TRY IT: Find every line below that contains the word "Self" and copy it out.

AVAILABLE RECORDS:
+++

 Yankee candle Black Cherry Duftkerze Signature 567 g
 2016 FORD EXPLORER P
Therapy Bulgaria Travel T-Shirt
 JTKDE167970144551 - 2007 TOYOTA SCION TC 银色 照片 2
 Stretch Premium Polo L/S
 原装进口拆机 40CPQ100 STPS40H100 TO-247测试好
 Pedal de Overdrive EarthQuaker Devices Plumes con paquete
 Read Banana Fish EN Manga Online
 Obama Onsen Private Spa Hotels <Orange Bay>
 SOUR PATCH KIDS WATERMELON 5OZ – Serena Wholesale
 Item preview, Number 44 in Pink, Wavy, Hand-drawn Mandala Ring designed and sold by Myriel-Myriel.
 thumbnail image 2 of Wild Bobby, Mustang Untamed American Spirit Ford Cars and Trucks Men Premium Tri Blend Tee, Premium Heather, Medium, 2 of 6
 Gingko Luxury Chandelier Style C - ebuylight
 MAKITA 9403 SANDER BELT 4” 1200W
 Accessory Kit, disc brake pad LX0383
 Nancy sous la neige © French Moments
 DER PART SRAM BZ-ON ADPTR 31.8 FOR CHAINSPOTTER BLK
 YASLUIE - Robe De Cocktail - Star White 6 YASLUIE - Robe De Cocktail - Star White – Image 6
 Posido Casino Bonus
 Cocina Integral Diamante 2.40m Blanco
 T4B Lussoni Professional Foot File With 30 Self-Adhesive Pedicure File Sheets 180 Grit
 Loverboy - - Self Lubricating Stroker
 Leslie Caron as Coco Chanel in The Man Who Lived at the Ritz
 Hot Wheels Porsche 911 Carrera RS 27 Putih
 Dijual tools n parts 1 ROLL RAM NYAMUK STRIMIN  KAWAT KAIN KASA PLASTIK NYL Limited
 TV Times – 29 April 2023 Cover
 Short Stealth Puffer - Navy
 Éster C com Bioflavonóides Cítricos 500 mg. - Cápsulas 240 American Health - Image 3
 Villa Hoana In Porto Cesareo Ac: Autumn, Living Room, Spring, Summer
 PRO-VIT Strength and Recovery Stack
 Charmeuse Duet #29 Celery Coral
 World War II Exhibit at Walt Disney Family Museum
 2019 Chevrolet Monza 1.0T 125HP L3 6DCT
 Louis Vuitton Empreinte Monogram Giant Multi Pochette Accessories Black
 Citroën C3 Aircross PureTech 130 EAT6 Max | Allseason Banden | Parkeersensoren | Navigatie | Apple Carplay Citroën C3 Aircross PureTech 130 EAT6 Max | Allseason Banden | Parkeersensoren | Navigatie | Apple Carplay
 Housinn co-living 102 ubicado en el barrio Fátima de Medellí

+++

TASK OUTPUT:
 T4B Lussoni Professional Foot File With 30 Self-Adhesive Pedicure File Sheets 180 Grit
 Loverboy - - Self Lubricating Stroker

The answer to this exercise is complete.